**PROMPT:**
Beginning with the line of the entries below that holds "Longsleeve aus Kaschmir in offwhite" and ending with the line that holds "Original Toner Xerox", transcribe each line exactly as written. Pictures stay out.

**SUPPLIED DATA:**
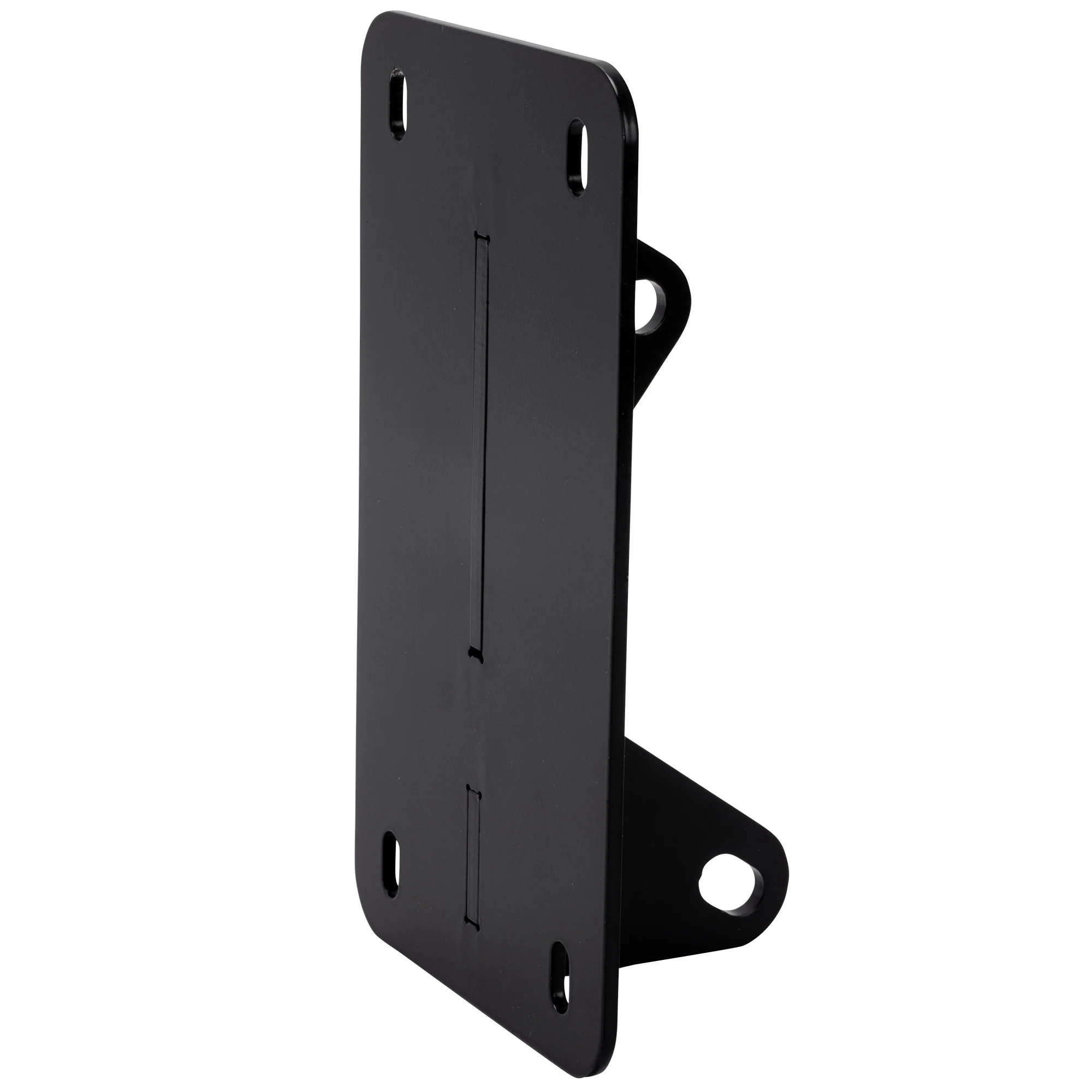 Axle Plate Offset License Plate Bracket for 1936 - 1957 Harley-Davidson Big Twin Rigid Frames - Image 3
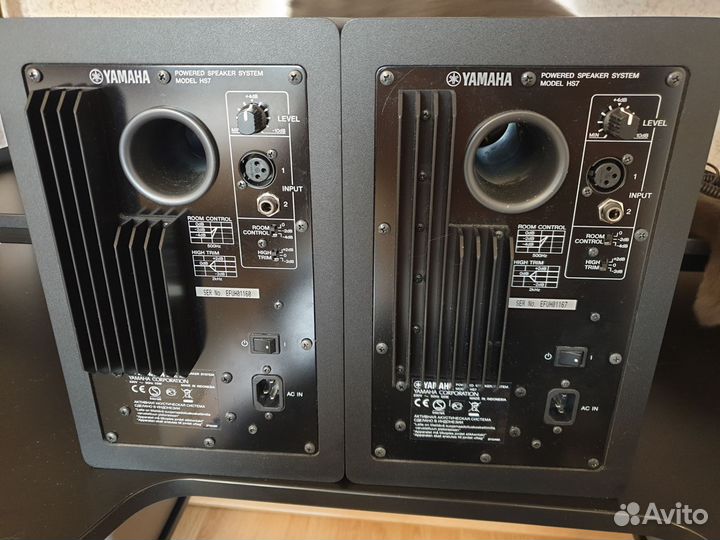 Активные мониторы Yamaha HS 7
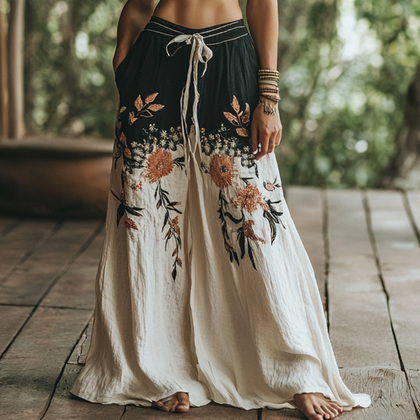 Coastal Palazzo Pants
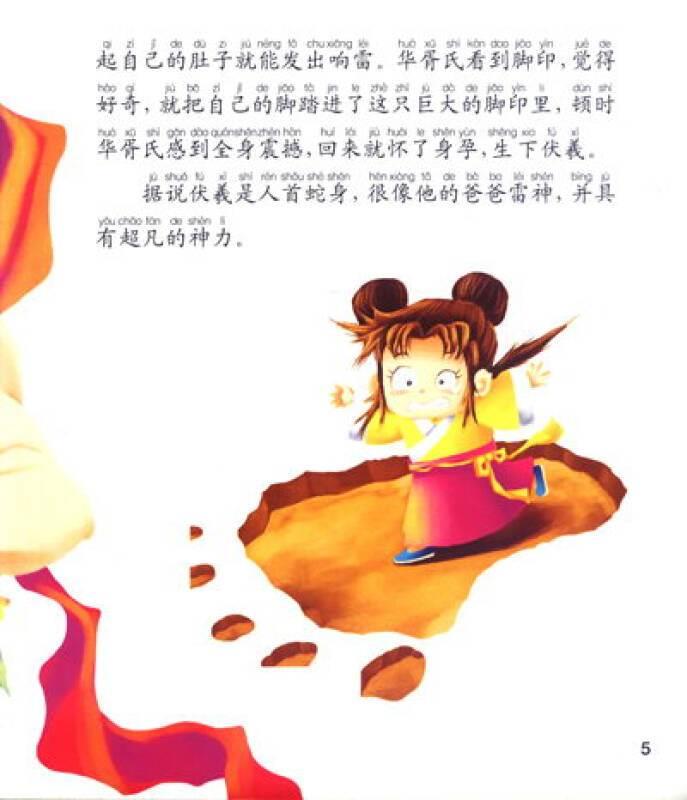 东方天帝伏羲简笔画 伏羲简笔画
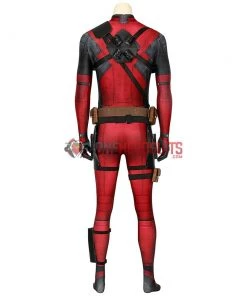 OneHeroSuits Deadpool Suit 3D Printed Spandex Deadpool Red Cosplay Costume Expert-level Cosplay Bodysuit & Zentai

==

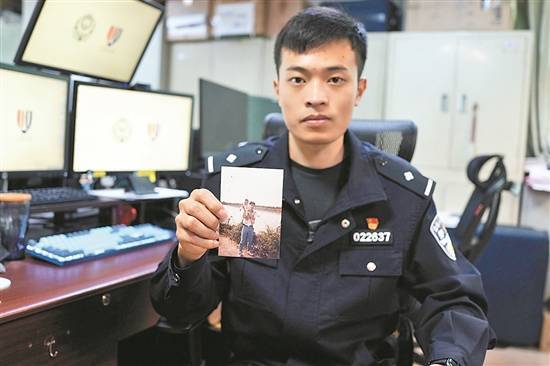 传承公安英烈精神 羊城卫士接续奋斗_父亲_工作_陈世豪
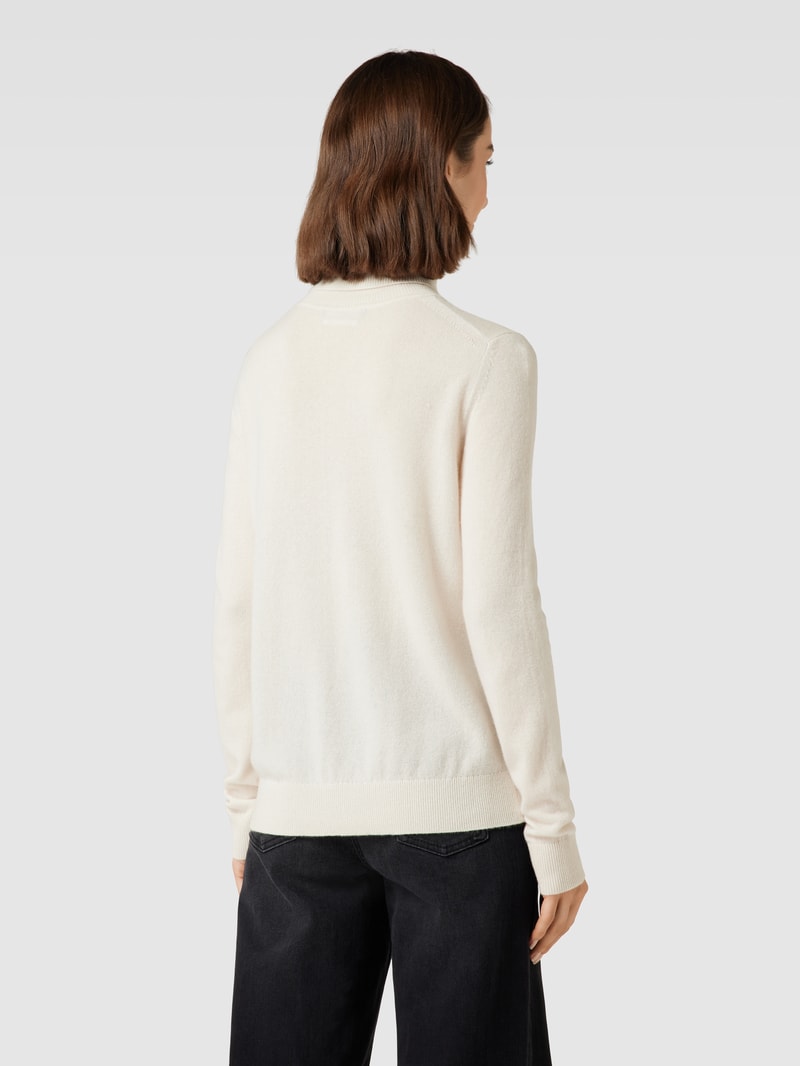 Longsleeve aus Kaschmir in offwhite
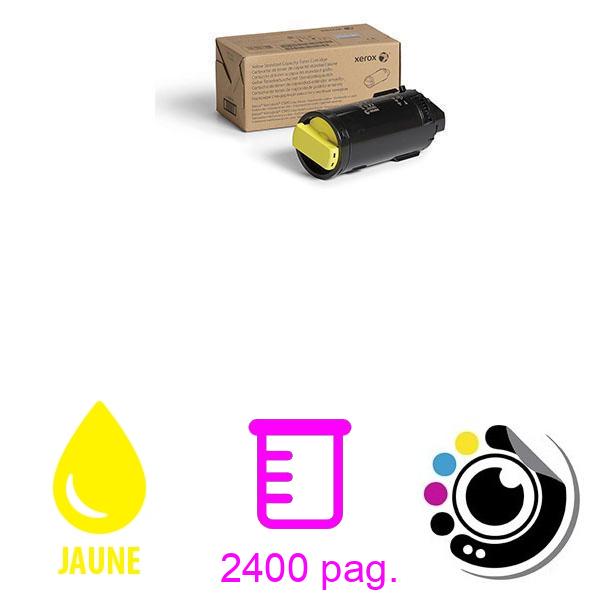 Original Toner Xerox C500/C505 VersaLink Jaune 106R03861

**TASK RESPONSE:**
 Longsleeve aus Kaschmir in offwhite
 Original Toner Xerox C500/C505 VersaLink Jaune 106R03861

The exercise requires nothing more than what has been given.